CA Colmar, ch. 2 a, 21 mars 2025, n° 23/00408

COLMAR

Arrêt

Autre

CA Colmar n° 23/00408

21 mars 2025

MINUTE N° 111/2025

Copie exécutoire

aux avocats

Le 21 mars 2025

Le greffier

REPUBLIQUE FRANCAISE

AU NOM DU PEUPLE FRANCAIS

COUR D'APPEL DE COLMAR

DEUXIEME CHAMBRE CIVILE

ARRÊT DU 21 MARS 2025

Numéro d'inscription au répertoire général : 2 A N° RG 23/00408 - N° Portalis DBVW-V-B7H-H74L

Décision déférée à la cour : 05 Janvier 2023 par le tribunal judiciaire de STRASBOURG

APPELANTE :

Madame [J] [K]

demeurant [Adresse 1] à [Localité 4]

représenté par Me Eulalie LEPINAY, avocat à la cour.

INTIMÉE :

Le SYNDICAT DES COPROPRIETAIRES DE LA RESIDENCE LES CEDRES, pris en la personne de son syndic, la SAS AGENCE SECKLER, sise [Adresse 3] à [Localité 4], prise en la personne de son représentant légal,

sis [Adresse 2] à [Localité 4]

représenté par Me Valérie SPIESER-DECHRISTE, avocat à la cour.

COMPOSITION DE LA COUR :

En application des dispositions des articles 805 et 907 du Code de procédure civile, l'affaire a été débattue le 25 Octobre 2024, en audience publique, les parties ne s'y étant pas opposées, devant Madame Isabelle DIEPENBROEK, présidente de chambre et Madame Nathalie HERY, conseillère, chargées du rapport.

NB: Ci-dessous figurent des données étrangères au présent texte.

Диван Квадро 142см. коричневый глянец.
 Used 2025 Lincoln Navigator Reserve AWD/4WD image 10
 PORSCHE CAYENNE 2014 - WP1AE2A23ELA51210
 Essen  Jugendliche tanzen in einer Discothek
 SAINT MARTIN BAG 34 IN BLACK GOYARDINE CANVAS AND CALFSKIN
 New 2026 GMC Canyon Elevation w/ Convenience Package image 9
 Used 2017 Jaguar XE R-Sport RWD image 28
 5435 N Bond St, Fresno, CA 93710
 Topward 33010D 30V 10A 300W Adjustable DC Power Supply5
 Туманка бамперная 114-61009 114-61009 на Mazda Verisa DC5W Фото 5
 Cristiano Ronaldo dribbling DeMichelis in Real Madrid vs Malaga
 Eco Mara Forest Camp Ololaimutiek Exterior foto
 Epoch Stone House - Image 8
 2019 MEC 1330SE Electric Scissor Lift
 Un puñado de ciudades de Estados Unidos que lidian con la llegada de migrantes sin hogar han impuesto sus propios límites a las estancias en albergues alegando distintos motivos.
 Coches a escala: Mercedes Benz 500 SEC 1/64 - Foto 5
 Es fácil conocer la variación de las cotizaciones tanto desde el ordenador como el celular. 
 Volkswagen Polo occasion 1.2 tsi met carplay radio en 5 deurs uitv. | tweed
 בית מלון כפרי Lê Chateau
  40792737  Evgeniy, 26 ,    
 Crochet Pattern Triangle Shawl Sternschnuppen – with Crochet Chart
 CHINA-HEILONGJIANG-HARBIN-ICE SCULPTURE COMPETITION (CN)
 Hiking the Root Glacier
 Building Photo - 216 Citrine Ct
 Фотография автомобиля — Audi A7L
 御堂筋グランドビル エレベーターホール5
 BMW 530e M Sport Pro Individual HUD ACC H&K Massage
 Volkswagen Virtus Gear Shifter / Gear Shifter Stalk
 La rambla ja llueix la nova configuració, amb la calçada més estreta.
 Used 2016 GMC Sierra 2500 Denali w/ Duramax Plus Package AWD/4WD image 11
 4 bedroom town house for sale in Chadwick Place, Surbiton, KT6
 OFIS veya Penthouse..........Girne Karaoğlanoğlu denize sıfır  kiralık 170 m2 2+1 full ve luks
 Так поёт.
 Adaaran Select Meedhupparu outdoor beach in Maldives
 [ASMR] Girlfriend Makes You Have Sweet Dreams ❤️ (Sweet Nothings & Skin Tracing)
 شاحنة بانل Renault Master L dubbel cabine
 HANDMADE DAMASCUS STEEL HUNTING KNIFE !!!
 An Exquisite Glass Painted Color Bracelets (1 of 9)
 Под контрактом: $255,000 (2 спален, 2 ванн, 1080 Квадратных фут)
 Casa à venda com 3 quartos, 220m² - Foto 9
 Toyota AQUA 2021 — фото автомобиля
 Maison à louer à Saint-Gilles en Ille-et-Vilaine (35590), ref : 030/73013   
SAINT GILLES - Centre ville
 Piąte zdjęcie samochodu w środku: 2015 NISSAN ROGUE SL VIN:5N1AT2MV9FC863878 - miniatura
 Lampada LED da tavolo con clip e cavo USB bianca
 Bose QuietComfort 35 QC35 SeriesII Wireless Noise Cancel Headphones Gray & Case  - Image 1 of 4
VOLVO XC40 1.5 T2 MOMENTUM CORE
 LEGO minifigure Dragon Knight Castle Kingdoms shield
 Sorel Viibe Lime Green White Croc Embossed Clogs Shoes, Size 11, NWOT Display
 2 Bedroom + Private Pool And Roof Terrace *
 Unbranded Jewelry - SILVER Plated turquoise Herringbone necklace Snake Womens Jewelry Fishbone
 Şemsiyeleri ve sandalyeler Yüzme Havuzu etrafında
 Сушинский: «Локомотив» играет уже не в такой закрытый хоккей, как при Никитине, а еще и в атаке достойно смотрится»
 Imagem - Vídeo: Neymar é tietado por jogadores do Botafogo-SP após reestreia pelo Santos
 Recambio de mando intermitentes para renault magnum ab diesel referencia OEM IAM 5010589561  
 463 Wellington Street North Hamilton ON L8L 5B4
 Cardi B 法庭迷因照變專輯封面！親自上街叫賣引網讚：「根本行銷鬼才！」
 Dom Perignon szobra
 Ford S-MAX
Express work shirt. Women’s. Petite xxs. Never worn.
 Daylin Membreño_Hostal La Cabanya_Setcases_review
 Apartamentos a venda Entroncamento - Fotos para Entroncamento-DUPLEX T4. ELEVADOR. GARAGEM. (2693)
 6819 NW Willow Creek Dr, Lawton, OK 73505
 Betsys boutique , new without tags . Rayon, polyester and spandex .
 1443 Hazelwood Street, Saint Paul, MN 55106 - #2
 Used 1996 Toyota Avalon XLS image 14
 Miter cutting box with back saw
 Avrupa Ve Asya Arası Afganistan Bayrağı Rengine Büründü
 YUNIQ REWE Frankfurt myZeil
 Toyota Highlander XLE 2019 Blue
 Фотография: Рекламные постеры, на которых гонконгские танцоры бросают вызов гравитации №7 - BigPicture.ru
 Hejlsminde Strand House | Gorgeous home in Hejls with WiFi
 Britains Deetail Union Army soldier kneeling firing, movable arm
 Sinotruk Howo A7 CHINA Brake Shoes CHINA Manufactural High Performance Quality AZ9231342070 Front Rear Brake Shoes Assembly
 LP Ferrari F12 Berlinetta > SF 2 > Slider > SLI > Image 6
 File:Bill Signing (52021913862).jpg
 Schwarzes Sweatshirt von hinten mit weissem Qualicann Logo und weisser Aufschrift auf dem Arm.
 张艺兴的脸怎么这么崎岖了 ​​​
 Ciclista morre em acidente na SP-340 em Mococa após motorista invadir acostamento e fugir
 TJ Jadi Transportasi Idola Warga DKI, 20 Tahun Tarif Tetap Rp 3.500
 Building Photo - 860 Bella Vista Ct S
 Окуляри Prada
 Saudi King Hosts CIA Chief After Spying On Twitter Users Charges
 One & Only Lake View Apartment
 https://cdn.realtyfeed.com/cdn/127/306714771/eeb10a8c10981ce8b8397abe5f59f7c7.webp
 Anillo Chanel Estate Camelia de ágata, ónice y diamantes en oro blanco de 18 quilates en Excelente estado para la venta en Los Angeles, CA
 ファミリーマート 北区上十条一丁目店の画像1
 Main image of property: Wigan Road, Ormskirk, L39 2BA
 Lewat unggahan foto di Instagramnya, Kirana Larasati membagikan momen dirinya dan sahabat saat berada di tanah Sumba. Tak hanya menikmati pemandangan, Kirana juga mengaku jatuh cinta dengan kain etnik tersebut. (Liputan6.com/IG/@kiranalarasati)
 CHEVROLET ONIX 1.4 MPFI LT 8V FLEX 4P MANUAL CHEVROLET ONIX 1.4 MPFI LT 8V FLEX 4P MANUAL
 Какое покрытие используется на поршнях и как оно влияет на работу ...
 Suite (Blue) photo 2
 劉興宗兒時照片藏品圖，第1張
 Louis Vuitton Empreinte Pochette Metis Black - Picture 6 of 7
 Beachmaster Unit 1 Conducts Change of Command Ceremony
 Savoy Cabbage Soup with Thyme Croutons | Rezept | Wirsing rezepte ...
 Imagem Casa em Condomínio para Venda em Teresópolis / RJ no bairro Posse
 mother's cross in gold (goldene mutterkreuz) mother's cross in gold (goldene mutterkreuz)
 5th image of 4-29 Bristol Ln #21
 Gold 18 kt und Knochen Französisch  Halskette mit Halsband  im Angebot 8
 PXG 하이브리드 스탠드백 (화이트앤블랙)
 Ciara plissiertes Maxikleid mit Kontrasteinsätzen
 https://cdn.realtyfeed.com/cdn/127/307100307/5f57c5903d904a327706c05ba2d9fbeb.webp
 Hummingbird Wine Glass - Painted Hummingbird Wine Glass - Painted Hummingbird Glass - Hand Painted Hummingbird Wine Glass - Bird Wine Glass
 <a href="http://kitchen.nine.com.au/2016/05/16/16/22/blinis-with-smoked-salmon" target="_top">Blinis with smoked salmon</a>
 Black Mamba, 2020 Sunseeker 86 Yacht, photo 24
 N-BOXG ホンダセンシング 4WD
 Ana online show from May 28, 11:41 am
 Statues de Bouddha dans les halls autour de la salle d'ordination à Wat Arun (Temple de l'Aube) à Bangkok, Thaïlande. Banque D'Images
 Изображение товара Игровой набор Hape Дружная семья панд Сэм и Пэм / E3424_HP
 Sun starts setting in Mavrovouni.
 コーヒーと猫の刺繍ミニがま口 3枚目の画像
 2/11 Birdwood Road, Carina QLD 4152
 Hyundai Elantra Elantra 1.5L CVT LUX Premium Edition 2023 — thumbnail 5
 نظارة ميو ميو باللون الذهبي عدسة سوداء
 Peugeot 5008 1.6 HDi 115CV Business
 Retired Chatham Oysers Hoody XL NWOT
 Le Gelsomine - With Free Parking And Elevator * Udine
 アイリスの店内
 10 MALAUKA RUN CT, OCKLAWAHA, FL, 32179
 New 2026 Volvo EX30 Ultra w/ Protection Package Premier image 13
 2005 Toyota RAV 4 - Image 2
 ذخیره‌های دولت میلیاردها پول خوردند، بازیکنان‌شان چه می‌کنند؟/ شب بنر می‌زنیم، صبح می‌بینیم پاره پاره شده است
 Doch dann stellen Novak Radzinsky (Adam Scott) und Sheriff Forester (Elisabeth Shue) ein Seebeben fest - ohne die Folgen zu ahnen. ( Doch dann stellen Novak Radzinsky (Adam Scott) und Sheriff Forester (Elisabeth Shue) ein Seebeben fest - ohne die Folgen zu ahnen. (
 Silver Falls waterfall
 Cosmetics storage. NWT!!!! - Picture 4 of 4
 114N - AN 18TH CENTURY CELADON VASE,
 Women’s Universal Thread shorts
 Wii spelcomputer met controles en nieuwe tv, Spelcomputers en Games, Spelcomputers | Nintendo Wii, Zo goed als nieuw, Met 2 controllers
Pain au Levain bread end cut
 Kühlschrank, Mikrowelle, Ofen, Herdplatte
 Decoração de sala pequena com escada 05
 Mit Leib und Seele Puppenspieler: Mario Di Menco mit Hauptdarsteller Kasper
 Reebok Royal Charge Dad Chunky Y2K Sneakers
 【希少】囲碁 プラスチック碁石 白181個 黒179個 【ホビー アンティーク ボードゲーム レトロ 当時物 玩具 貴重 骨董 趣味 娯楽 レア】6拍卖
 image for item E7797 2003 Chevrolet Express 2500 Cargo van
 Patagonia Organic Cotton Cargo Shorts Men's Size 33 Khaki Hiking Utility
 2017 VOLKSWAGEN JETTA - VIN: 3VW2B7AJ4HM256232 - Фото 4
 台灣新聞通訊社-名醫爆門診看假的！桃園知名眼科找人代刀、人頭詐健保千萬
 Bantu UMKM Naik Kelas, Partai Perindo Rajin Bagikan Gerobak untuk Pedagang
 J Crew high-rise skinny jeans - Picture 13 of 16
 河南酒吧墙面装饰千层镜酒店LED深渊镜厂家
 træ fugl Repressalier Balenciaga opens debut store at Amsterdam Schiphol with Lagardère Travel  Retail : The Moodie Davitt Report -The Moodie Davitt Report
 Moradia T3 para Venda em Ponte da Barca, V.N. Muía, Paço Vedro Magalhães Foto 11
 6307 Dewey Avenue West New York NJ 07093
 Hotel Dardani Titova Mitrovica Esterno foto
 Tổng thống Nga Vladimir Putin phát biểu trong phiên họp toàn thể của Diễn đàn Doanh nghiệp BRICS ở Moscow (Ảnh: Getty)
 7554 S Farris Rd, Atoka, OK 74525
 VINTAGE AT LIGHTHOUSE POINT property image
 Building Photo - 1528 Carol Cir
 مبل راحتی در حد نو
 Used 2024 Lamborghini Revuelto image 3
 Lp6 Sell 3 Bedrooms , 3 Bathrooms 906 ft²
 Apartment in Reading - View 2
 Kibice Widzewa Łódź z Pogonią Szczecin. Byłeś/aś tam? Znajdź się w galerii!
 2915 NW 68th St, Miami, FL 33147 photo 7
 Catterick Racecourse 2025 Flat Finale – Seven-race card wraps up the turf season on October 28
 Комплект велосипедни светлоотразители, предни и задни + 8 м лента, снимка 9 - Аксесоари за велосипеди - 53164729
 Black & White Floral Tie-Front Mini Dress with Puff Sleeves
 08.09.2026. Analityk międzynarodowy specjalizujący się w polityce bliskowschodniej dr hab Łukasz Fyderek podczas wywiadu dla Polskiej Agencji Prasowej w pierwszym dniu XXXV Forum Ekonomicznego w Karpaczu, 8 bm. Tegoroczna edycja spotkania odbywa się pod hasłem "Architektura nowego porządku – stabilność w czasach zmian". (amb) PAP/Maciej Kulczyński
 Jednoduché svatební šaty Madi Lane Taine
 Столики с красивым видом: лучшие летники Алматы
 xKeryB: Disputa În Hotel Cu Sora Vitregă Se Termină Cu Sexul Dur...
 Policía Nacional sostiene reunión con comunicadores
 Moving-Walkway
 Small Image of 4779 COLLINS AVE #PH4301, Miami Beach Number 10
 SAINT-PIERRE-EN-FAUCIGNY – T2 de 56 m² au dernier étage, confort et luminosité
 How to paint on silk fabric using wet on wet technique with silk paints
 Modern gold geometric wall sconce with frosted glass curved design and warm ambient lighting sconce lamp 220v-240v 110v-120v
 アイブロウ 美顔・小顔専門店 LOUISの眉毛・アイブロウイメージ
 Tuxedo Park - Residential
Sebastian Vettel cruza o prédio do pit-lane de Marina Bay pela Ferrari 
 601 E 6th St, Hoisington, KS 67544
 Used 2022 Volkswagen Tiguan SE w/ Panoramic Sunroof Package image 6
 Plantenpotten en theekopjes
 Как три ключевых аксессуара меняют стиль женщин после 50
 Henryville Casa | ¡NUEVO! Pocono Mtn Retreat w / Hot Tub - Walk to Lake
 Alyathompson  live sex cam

Ces magistrats ont rendu compte des plaidoiries dans le délibéré de la Cour, composée de :

Madame Isabelle DIEPENBROEK, présidente de chambre

Madame Murielle ROBERT-NICOUD, conseillère

Madame Nathalie HERY, conseillère

qui en ont délibéré.

Greffière lors des débats : Madame Sylvie SCHIRMANN

ARRÊT contradictoire

- prononcé publiquement après prorogation du 7 mars 2025 par mise à disposition de l'arrêt au greffe de la cour, les parties en ayant été préalablement avisées dans les conditions prévues au deuxième alinéa de l'article 450 du Code de procédure civile.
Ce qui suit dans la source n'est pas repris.